Lord Vanquish uscì dalla chat, si ritrovò nella schermata iniziale del gioco, osservò per alcuni secondi il suo fiero alter-ego con il mantello nero svolazzante alle spalle e poi effettuò il logout.
Il suo vero nome era Armando Canalini, di professione avvocato divorzista, aveva quarantacinque anni, separato, con due figli. L’ironia della sorte era che da lì a qualche mese avrebbe presenziato non come professionista alla sua causa di divorzio.
Sì alzò dalla scrivania, ma lasciò acceso il PC. Lo lasciava sempre disponibile per qualche capatina veloce nel mondo di Tales of Runimar. Da quando si era lasciato con la moglie i videogiochi erano diventati la sua valvola di sfogo. Aveva iniziato con qualcosa di semplice, consigliato dal suo negoziante di fiducia, ma pian piano aveva incominciato a giocare a videogiochi sempre più complessi ed evoluti fino ad arrivare al gioco online e ai famosi e famigerati giochi di ruolo di massa.

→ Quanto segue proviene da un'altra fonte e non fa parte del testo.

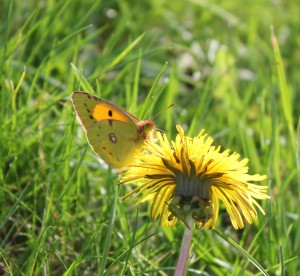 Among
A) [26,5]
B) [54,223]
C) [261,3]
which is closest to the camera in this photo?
[54,223]

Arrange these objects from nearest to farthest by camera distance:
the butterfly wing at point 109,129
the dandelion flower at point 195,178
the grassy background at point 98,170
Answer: the dandelion flower at point 195,178 → the butterfly wing at point 109,129 → the grassy background at point 98,170

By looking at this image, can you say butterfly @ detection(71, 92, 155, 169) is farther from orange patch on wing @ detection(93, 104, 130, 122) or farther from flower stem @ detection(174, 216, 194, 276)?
flower stem @ detection(174, 216, 194, 276)

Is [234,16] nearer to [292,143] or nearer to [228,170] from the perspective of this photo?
[292,143]

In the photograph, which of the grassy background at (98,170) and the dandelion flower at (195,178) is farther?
the grassy background at (98,170)

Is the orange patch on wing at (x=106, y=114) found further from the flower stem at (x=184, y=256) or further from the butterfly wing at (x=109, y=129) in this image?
the flower stem at (x=184, y=256)

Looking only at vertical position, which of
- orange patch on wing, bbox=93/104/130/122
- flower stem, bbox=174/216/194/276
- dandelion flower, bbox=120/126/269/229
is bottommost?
flower stem, bbox=174/216/194/276

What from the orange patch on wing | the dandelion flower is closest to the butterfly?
the orange patch on wing

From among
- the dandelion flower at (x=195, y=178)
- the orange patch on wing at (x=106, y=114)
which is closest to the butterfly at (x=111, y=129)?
the orange patch on wing at (x=106, y=114)

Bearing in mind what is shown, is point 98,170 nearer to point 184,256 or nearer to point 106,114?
point 106,114

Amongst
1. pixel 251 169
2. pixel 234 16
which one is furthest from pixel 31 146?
pixel 234 16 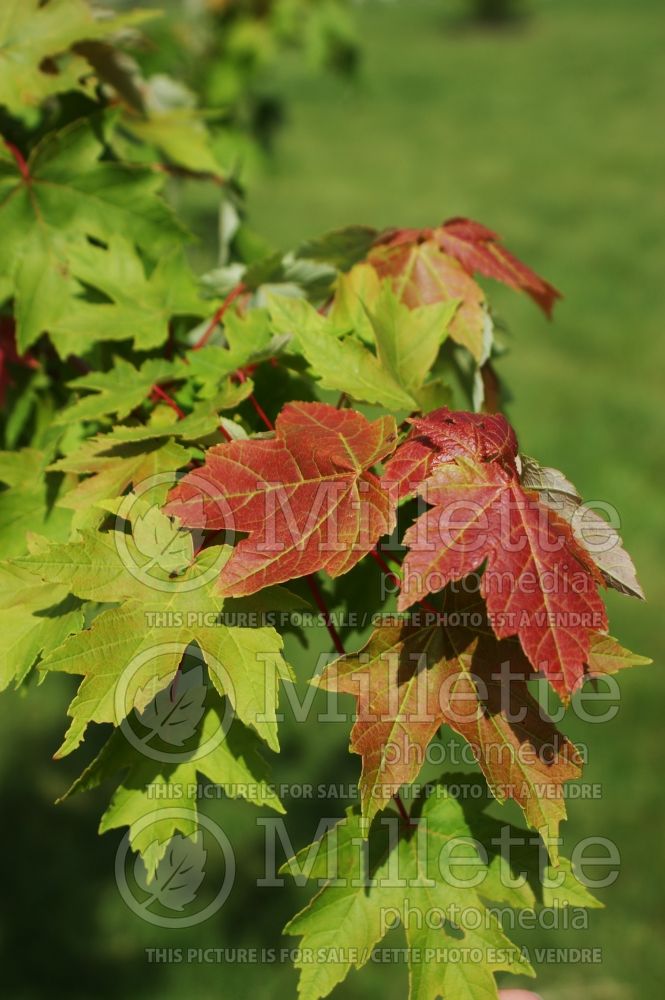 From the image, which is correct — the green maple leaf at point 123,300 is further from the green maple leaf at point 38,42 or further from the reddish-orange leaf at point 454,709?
the reddish-orange leaf at point 454,709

Sempre il suo negoziante gli aveva consigliato Tales of Runimar, dubbioso, aveva cominciato a giocarci e non si era staccato più. Tutti gli altri giochi erano spariti nel dimenticatoio, era entrato in una gilda, aveva fatto amicizia con alcuni dei membri ed era diventata una specie di droga, un’ossessione, un’alienazione.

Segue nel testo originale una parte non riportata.